New York Life Insurance v. Watkin

229 A.D. 211 | N.Y. App. Div. | 1930

McAvoy, J.

Defendant’s father, Morris Watkin, made a written application on December 10, 1925, to plaintiff, a life insurance company, for $10,000 of insurance on his life payable to defendant. A statement in such application reads: “ It is mutually agreed as follows: 1. That the insurance hereby applied for shall not take effect unless and until the policy is delivered to and received by the applicant and the first premium thereon paid in full during his lifetime, and then only if the applicant has not consulted or been treated by any physician since his medical examination; * * *."

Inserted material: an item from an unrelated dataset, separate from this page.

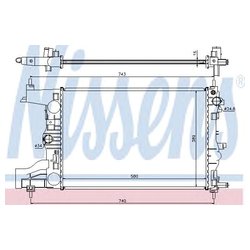 Nissens 616903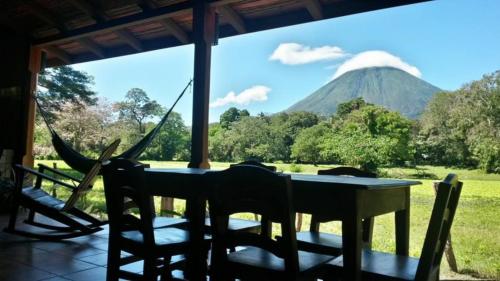 Restoran, Hotel San Juan Ometepe in Altagracia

Thereafter and on December 12, 1925, Morris Watkin made out answers in writing to plaintiff’s medical examiners in which he declared and represented to plaintiff in effect that he had never had any accident or injury or undergone any surgical operation; that he had never been under observation or treatment in any hospital, asylum or sanitarium; that he had never consulted a physician for or suffered from any ailment or disease of any kind and specifically that he had never consulted a physician for or suffered from any ailment or disease of the stomach or intestines, liver, kidneys or bladder, and that within the five years prior to the date of said answers he had not consulted or been examined or treated by any physician whatever.

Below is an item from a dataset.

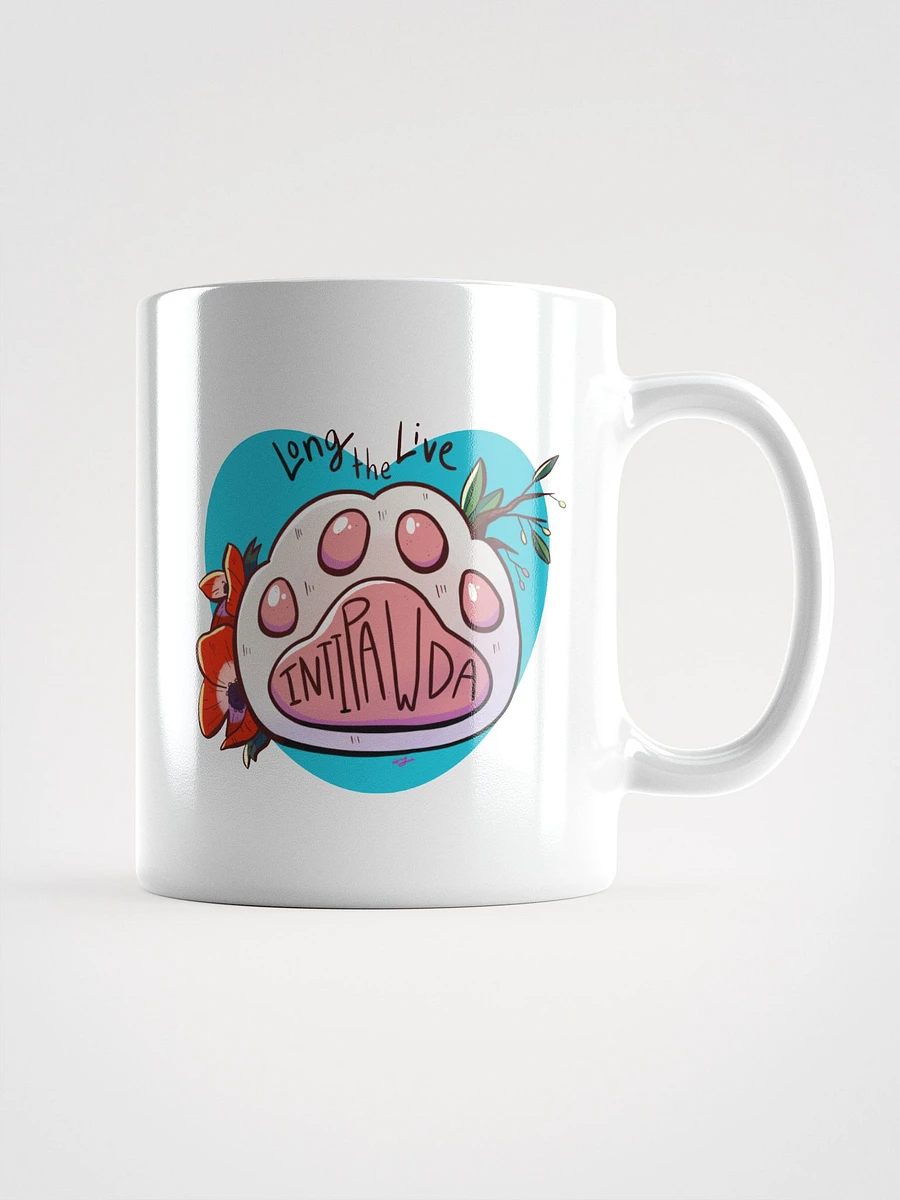 Long Live the Intipawda Mug product image (2)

He also represented and declared on behalf of himself and every person who should have or claim any interest in any insurance made thereunder that he had carefully read each and all of his said answers; that they were each written as made by him, and that each of them was full, complete and true; and he also stated therein that plaintiff believing them to be true should rely and act thereon.

In reliance upon the representations contained in this application, plaintiff issued its policy of insurance to take effect December 16, 1925, for $10,000.

*213On January 16 or 17, 1926, Morris Watkin made a written supplemental application to plaintiff for $5,000 of additional insurance on his life payable to defendant, and therein reiterated and confirmed all of the agreements, statements, representations and answers contained in his original application.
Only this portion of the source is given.